Remaining Federated functions in the building included the Macy’s store from the first floor to the seventh, district offices and limited regional functions on the ninth and tenth floors, and various central shops in the basement. In 2010, Federated sold the building and the parking garage to a partnership of Rick Yackey and Bill Bruce and removed central trade shops from the building. Federated leased back five floors of the building (1, 2, 3, 9, and 10) for approximately $5-million per year for five years. The store downsized into floors one through three on a tight budget.

Lights Out

The vast amount of vacant space in a building set to operate for several more years created an opportunity. Jay DeLong of the Regional Commerce and Growth Association and Kevin Farrell of the Downtown Partnership won backing from their respective organizations to launch an office space for small technology companies. It was formally known as the Technology Entrepreneurship Center but adopted the name T-REx, short for Technology at Railway Exchange.

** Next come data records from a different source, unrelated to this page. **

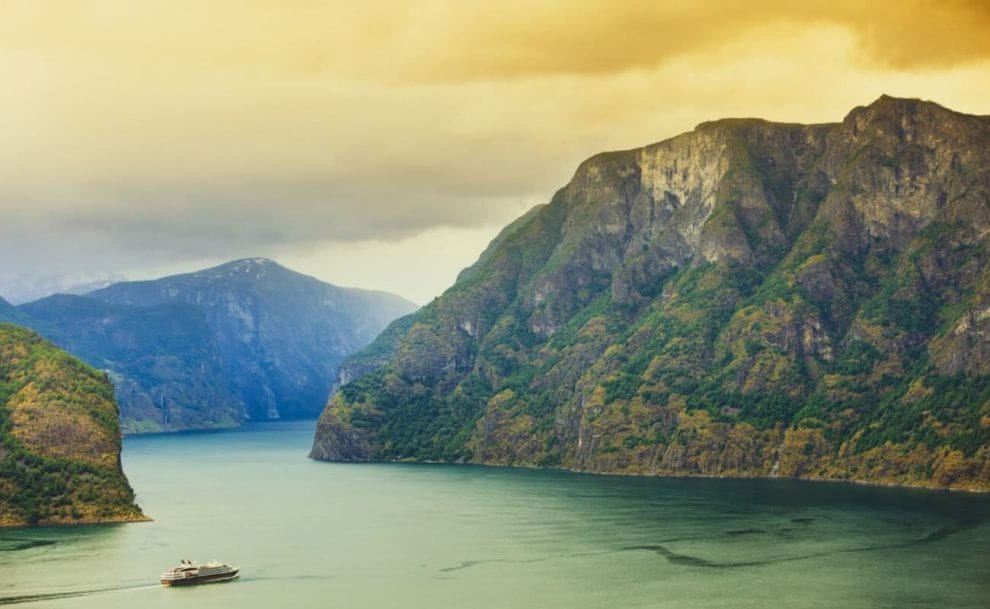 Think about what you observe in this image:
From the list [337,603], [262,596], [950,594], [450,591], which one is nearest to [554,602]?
[450,591]

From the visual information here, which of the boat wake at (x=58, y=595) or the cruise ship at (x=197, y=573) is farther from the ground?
the cruise ship at (x=197, y=573)

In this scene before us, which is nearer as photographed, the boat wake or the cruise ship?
the boat wake

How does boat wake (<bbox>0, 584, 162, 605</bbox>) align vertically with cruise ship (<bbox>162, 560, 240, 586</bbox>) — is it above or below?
below

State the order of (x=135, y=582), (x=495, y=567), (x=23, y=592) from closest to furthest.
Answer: (x=23, y=592) → (x=135, y=582) → (x=495, y=567)

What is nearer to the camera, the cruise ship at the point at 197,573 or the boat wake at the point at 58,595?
the boat wake at the point at 58,595

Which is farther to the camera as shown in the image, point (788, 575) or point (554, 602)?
point (788, 575)

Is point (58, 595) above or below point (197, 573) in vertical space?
below

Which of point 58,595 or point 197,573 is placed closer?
point 58,595

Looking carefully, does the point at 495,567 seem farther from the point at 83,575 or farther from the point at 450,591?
the point at 83,575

Some data center equipment, including the uninteruptible power supply, moved to the old Bridgeton call center. The store downsized to three floors in 2010 and closed in August of 2013, leaving the main chiller plant out of service. Other tenants, including a law firm on the sixteenth floor and T-REx on the twelfth and thirteenth floors, were gone by spring of 2014. A consolidation of districts reduced Federated management headcount, and the survivors relocated, mostly to Bridgeton. The last non-Federated tenant was the Regional Housing and Community Development Alliance, in the process of renaming itself RISE, which moved from the sixteenth floor to the former T-REx space on the twelfth floor to benefit from the continued operation of the corporate chiller plant in the waning months of Federated operations. The building closed shortly thereafter.

A pipe breach in 2016, caused by electrical work on Locust over the tunnels, flooded the basement and subbasements and caused extensive damage. Crews worked through 2017 to demolish partitions and to remove debris. Elevators remained out of service.

Text by Frank Trampe, last updated 2020.